┌──

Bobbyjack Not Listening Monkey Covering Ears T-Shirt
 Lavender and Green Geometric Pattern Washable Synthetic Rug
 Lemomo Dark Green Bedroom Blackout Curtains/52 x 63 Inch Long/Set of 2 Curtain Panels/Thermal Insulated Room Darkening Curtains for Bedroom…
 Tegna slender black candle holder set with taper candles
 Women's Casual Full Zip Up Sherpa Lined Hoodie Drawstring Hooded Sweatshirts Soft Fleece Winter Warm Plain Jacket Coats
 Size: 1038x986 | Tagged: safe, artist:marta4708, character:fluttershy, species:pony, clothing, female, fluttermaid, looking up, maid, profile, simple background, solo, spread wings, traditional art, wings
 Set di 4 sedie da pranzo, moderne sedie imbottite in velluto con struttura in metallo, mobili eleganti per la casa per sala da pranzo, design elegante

└──

The answer is the data above, retyped exactly in full.

**Answer section**.
Bobbyjack Not Listening Monkey Covering Ears T-Shirt
 Lavender and Green Geometric Pattern Washable Synthetic Rug
 Lemomo Dark Green Bedroom Blackout Curtains/52 x 63 Inch Long/Set of 2 Curtain Panels/Thermal Insulated Room Darkening Curtains for Bedroom…
 Tegna slender black candle holder set with taper candles
 Women's Casual Full Zip Up Sherpa Lined Hoodie Drawstring Hooded Sweatshirts Soft Fleece Winter Warm Plain Jacket Coats
 Size: 1038x986 | Tagged: safe, artist:marta4708, character:fluttershy, species:pony, clothing, female, fluttermaid, looking up, maid, profile, simple background, solo, spread wings, traditional art, wings
 Set di 4 sedie da pranzo, moderne sedie imbottite in velluto con struttura in metallo, mobili eleganti per la casa per sala da pranzo, design elegante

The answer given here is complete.